The Ability to Remember at an Early Age
Now armed with this non-verbal analog to verbal report, my colleagues and I set out to determine what infants and young children are able to remember. I'd like to highlight the fact that when we began our inquiry, we really had no data. There was no information on what infants and young children can remember. Instead, what the field had was a really strong assumption about memory in young children. In fact, if you had stopped virtually any developmental psychologist on the street and said, "What do young children remember?" The likely response would have been this. The basis for this assumption was a strong theoretical model that predicted that there was some qualitative change in mental process that occurred somewhere between the age of two and three. Before the change, it was thought that infants and young children weren't able to think about anything that wasn't right in front of them. It was thought that they could think about the here and now, but that they couldn't think about anything that wasn't in the here and now. It was thought that they lived a real out of sight, out of mind existence. In contrast, after the change, it was thought that children could use verbal symbols to think and to reason and therefore to be able to recall the past. Notice how nicely this assumption of a qualitative change fit with the idea or the phenomenon of infantile amnesia. It made sense that infants and young children wouldn't be able to recall the past. After all, adults didn't have any memories from very early in life. That was consistent with the idea that children simply couldn't form memories. So that was the backdrop against which we began our research on infants and young children's memory for events that happened in the past.

Results of Experiments
Now what do all these data mean? After extensive experimentation, all of our data indicates that by early in the second year of life, children are able to remember specific events over periods of weeks and even months. Over short delays, children are able to remember events that they've experienced only one time and of which they have been reminded. Over longer delays, children's memory is facilitated by multiple experiences and by reminders. In some infants, the ability to remember over long delays already is apparent by late in the first year of life. In other infants it's not. This pattern might be indicative of individual differences in memory ability. What I think is more likely, however, is that it indicates different rates of development. That is, I think that we see these individual differences because at nine months children are in the middle of an important window in the development of the ability to recall over the long-term.

We now can use this information to reflect upon the different senses of amnesia that I mentioned at the beginning of my remarks. One possibility was that infantile amnesia was due to the loss of memories that once were available. Another possibility was that infantile amnesia was due to absence of memories due to an inability to create them. Well it may well be that prior to nine months of age, infants are not able to remember specific past events over any extended period of time. In this case, the culprit in infantile amnesia would be absence of memories.

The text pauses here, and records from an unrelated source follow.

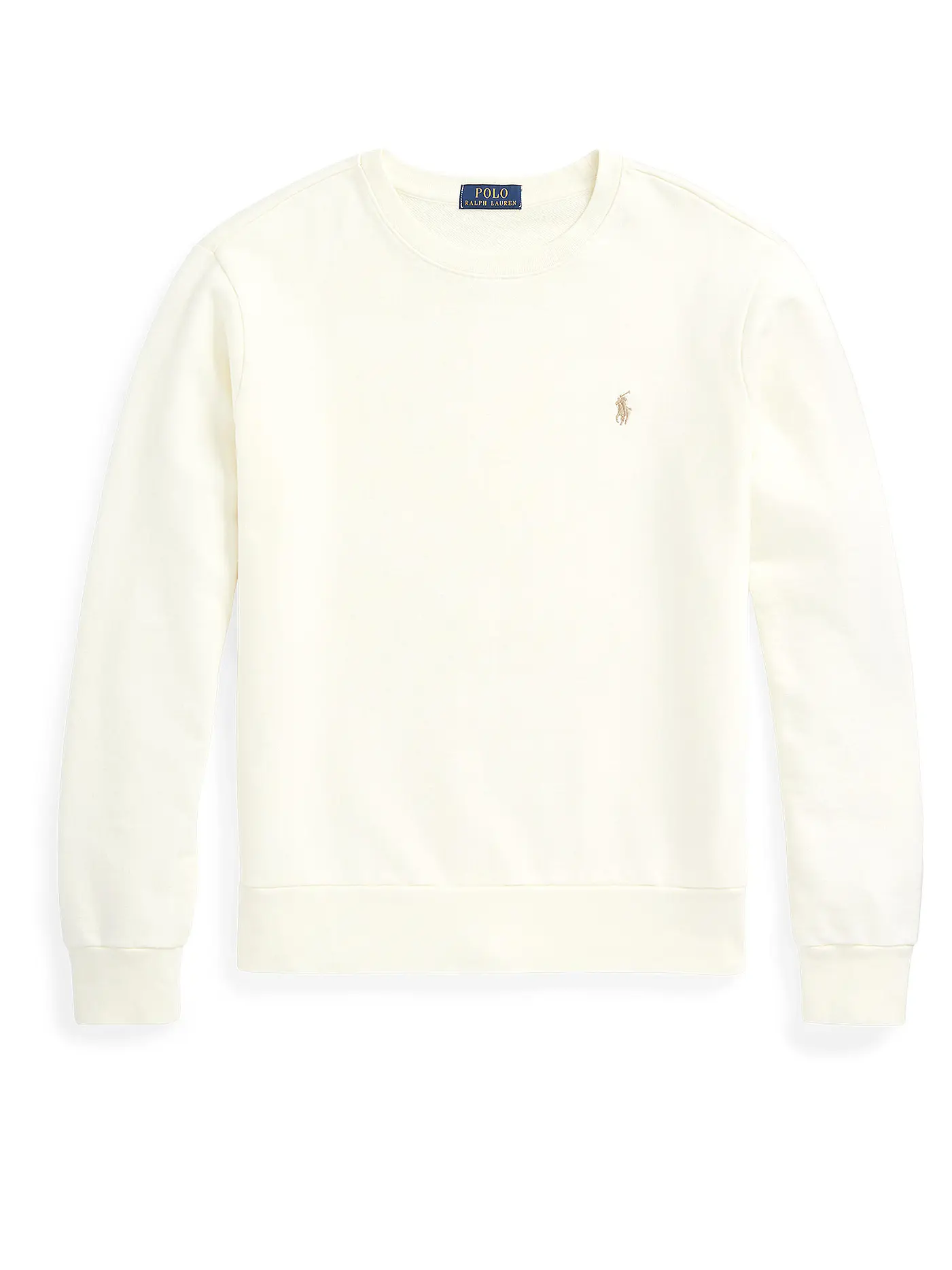 POLO RALPH LAUREN | Sweater | creme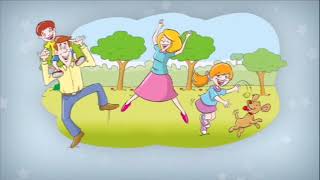 Smiles 1 Module 1 COLOUR SONG AND VIDEO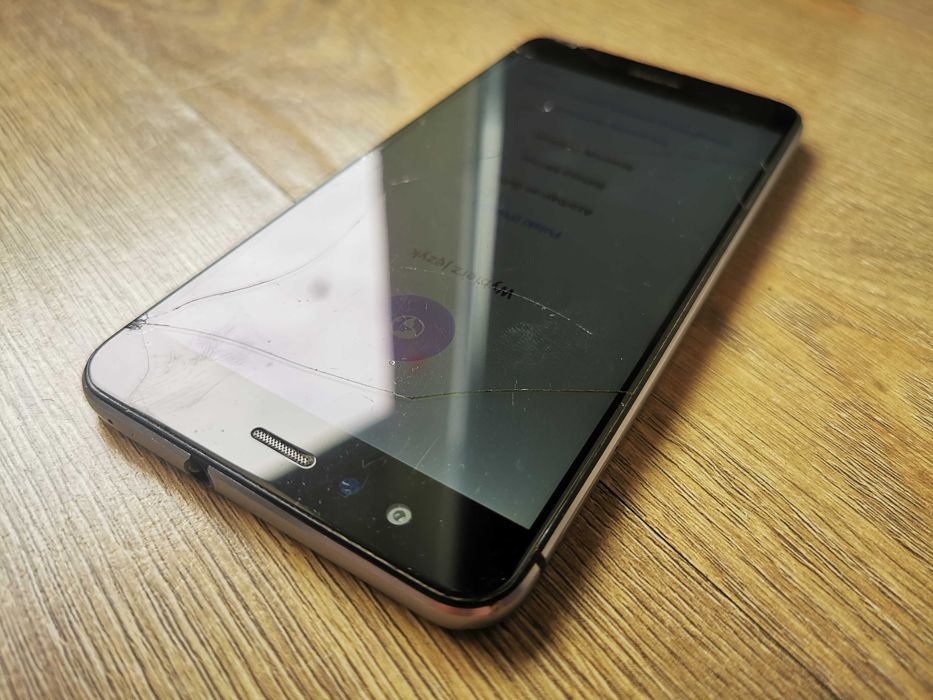 Smartfon Huawei P10 lite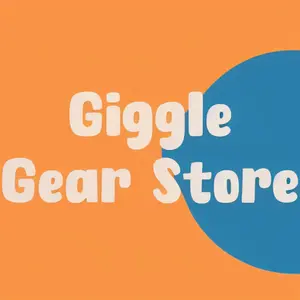 Giggle Gear Store shop logo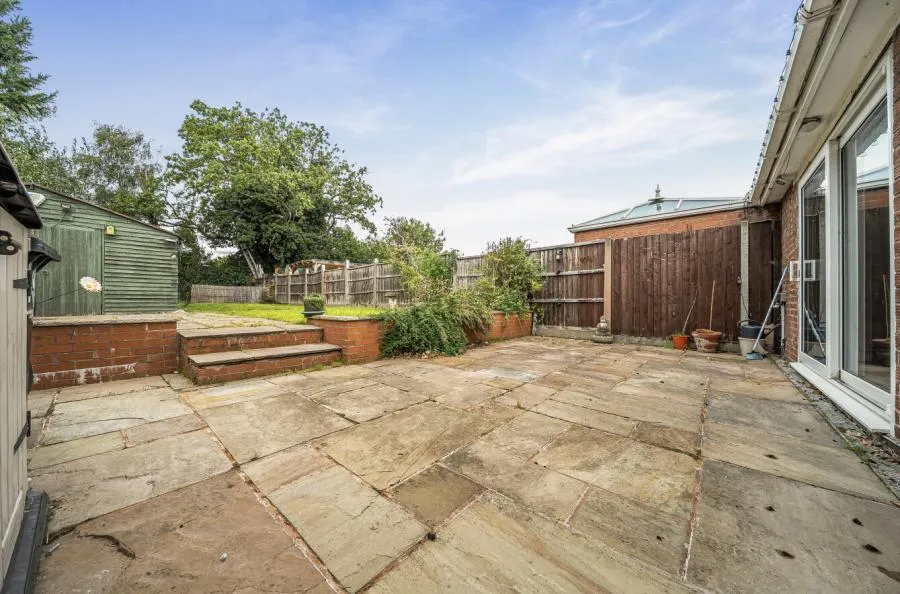 Merrills Avenue, Crewe, CW2, photo 10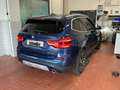 BMW X3 xDrive30e Advantage + 2Jahre-BPS.-GARANTIE Blau - thumbnail 2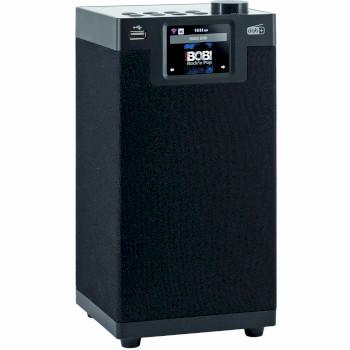 DABMAN i610 Multifunktionales Stereo-Radio DAB+ / FM / Internet / Bluetooth - Imperial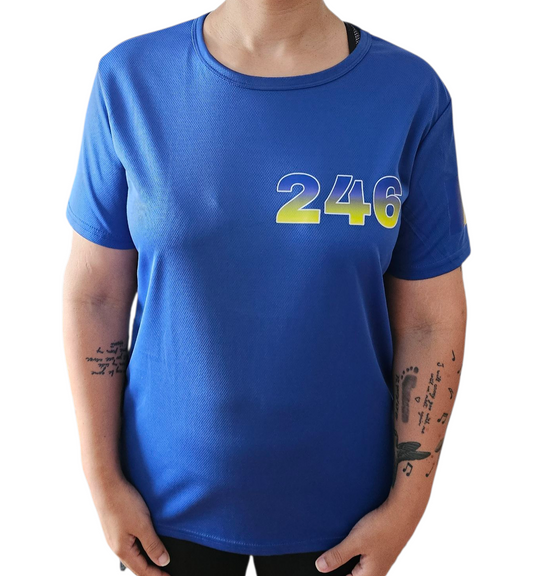 Barbados T-Shirt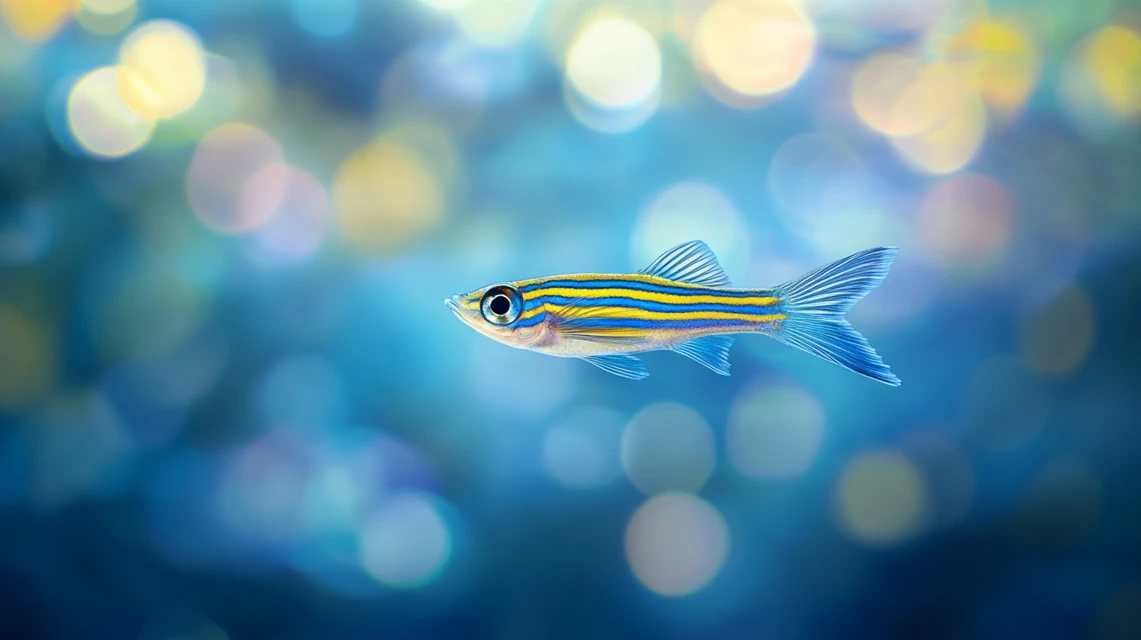 Zebrafish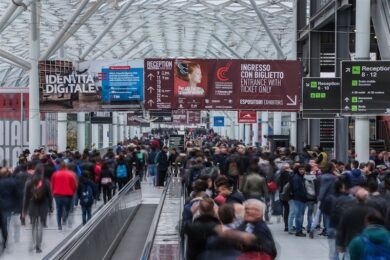 EICMA 2017: tante iniziative rivolte alla sicurezza di bambini e ragazzi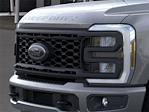 2025 Ford F-250 Crew Cab 4WD Pickup for sale #4250485 - photo 17
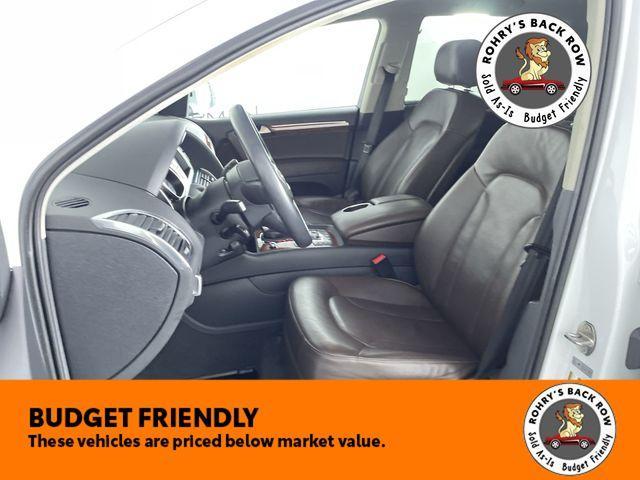 used 2014 Audi Q7 car, priced at $16,823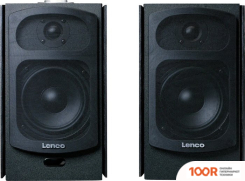 Акустика Lenco SPB-260BK (174703)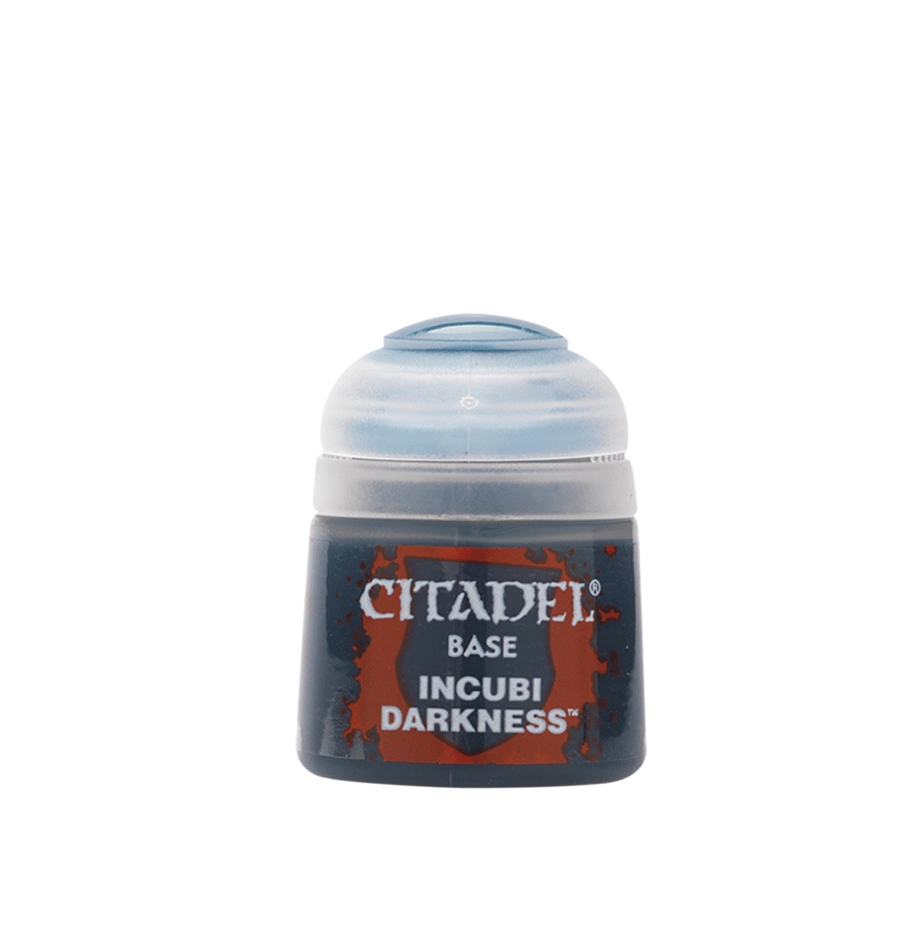 Citadel - Base - Incubi Darkness 12ml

However, once we get into the second year of life, infants and young children can and do create memories of specific events and they're able to retain them over long time periods. That older children and adults aren't able to remember those memories suggests that those memories are lost or later become accessible over the course of development.

Where Do Childhood Memories Go?
Now this leads us back to the question that was posed in the title of this talk Ð Childhood Memories, Here Today, Where Tomorrow? In other words, what is the fate of memories that we know were here today. Where do those memories go tomorrow? Do those memories remain available or do they become inaccessible over the course of development? It's important to note that in imposing this question, what we're really asking is whether these early memories ever are going to be accessible to verbal report? After all, what characterizes infantile amnesia is an inability of adults to talk about early experiences. It's clear that our non-verbal message of testing children's memory is going to remain silent on the issue of whether they ever are able to express these memories verbally. The only way to address that question is to look at children's verbal reports. Catch 22. We've already seen that very young children have difficulty producing verbal reports. In fact, it's not until they are three years of age that they could reliably be counted upon to talk about past experiences. And even then, they only do so with a lot of prompting and support by an adult. Now what's interesting is that children's difficulty in talking about the past contrasts with the ability, their rapidly developing ability to talk about the present. The difference between talking about what you're doing right now and talking about what happened in the past is that right now, it's both physically and temporarily present. In the past, what happened back then is both physically and temporarily distant. The factor that we're interested in is temporal distance, not physical distance. So what do you suppose would happen if we were to eliminate the physical distance requirement? What do you suppose would happen if we put children back in a context in which they'd experienced an event and then asked them to tell us about it?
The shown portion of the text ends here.